(Dataset entries)
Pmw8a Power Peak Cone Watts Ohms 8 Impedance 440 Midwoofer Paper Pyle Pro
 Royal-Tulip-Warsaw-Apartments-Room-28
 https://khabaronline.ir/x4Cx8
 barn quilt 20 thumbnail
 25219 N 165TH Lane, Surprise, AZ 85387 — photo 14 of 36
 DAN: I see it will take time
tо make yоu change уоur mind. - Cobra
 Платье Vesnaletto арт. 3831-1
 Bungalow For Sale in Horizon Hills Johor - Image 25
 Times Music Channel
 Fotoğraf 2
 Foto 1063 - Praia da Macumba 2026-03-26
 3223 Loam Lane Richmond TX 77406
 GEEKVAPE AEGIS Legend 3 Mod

(EXERCISE INSTRUCTIONS) Restate word for word the lines running from the line that holds "Times Music Channel" to the final line of the entries.

(EXPECTED ANSWER)
 Times Music Channel
 Fotoğraf 2
 Foto 1063 - Praia da Macumba 2026-03-26
 3223 Loam Lane Richmond TX 77406
 GEEKVAPE AEGIS Legend 3 Mod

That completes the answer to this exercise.